Comments take the form “(some text)”, and nesting occurs when “some text” contains a comment. So, all this fuss about recursion is focused on a feature that no one uses! In the end, to insure the regular expression I produced would pass some pretty severe existing tests, I implemented comments to a user specified fixed level using the “or”regular expression feature. Thus, a “comment” is { “comment” | “comment nested to one level” | “comment nested to two levels” }. Note that to pass the tests you need to handle a nesting level of 5, which greatly increases the size of the regular expression, and which no real app would ever use.

The second hurtle is that the test suites do not rely solely on the principal RFC (RFC-5322), but on related RFCs, some of which contradict 5322! In the end I had to incorporate information relating to the specification of IPV6 addresses (complex!), IPV4 addresses, part lengths, and even contradictions within the core RFC (text says one thing, the ABNF says something else).

A final hurtle was dealing with “deprecated” rules, those that the spec officially recommends and those are old and should be supported but shouldn’t be used anyway. In the end I solved this by deciding to NOT support deprecated rules (made my life easier).

It became obvious immediately that there is no “perfect” RFC – if the text and ABNF contradict themselves, you can have it one way or the other, but not both ways! The solution was to punt the decision to the final URL creator, and let that person make the decision as to what to accept and what not to.

Another issue was what to do about regex syntax: ObjectiveC on the Mac uses the ICU package, which was based on Perl. Portions of that syntax are not supported by the “C” POSIX side of Macs, and any other POSIX derived regular expression package. The spec uses terms that better match Perl too. In the end, I was able to craft the regular expression so that it would mostly work on both, and could be tailored for one or the other by changing a few items.

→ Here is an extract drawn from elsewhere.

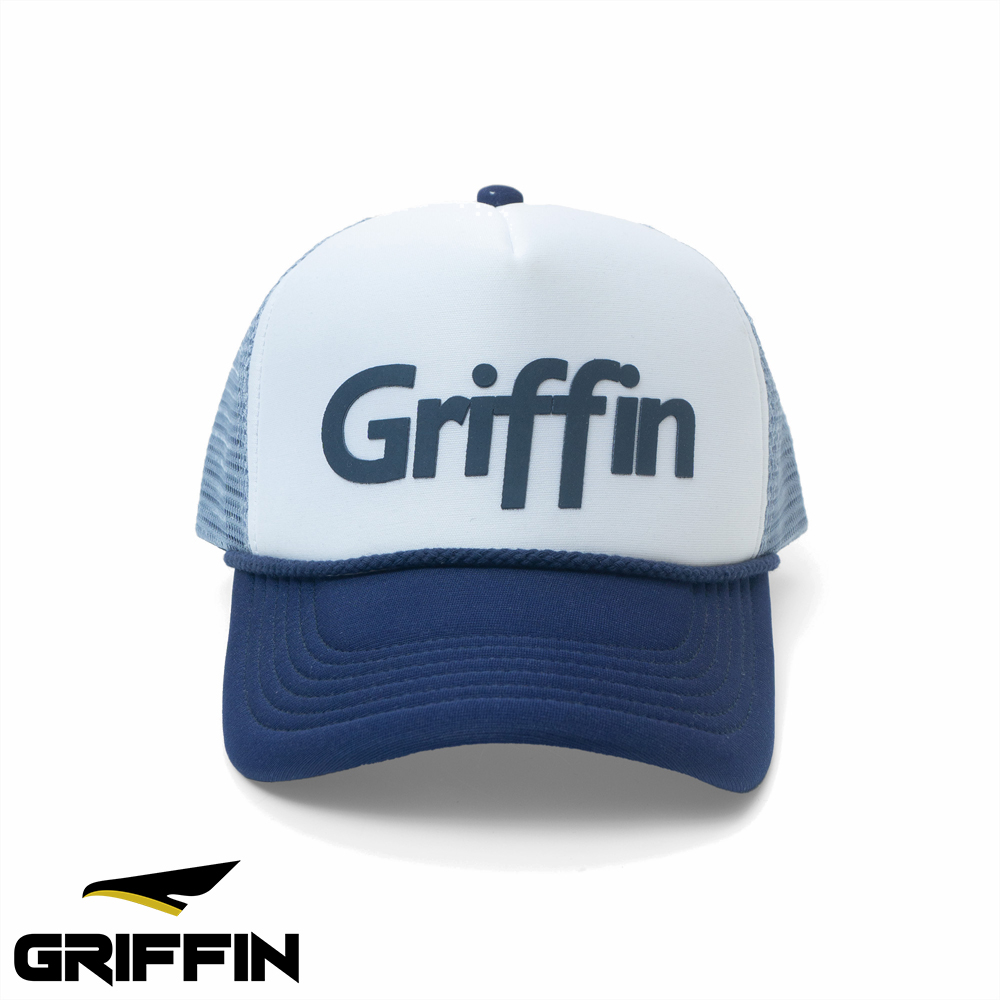 Topi Trucker Pria Wanita Unisex Putih Biru Keren Sablon Hi Density Timbul Clayton by Griffin Apparel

The final result is a Mac App that can construct a Regular Expression to your specification, output it in text or string format, and can be used to interactively test against a text the user entered or pastes into the app. Additionally, the app contains a class for use in validating or extracting regular expressions, and could be with some small effort ported to other languages. There is a C function to validate a single email address too.

AppScreenShot

So, what does the near-perfect email validating expression look like? Like this:

“^(?:(?:(?:(?: )*(?:(?:(?:\\t| )*\\r\\n)?(?:\\t| )+))+(?: )*)|(?: )+)?(?:(?:(?:[-A-Za-z0-9!#$%&’*+/=?^_`{|}~]+(?:\\.[-A-Za-z0-9!#$%&’*+/=?^_`{|}~]+)*)|(?:\”(?:(?:(?:(?: )*(?:(?:[!#-Z^-~]|\\[|\\])|(?:\\\\(?:\\t|[ -~]))))+(?: )*)|(?: )+)\”))(?:@)(?:(?:(?:[A-Za-z0-9](?:[-A-Za-z0-9]{0,61}[A-Za-z0-9])?)(?:\\.[A-Za-z0-9](?:[-A-Za-z0-9]{0,61}[A-Za-z0-9])?)*)|(?:\\[(?:(?:(?:(?:(?:[0-9]|(?:[1-9][0-9])|(?:1[0-9][0-9])|(?:2[0-4][0-9])|(?:25[0-5]))\\.){3}(?:[0-9]|(?:[1-9][0-9])|(?:1[0-9][0-9])|(?:2[0-4][0-9])|(?:25[0-5]))))|(?:(?:(?: )*[!-Z^-~])*(?: )*)|(?:[Vv][0-9A-Fa-f]+\\.[-A-Za-z0-9._~!$&'()*+,;=:]+))\\])))(?:(?:(?:(?: )*(?:(?:(?:\\t| )*\\r\\n)?(?:\\t| )+))+(?: )*)|(?: )+)?$”

This expression is the result of setting the “Validation” preset in the app, and pasted as one string. Note that it only tests against “local-part@domain” style addresses, not those and “mailbox” specs (DisplayName <local-part@domain>”. If that’s what you want, then check the appropriate box and generate a different one!

The Xcode project used to generate this Mac app can be found on my github site with the (historical) name of EmailAddressFinder.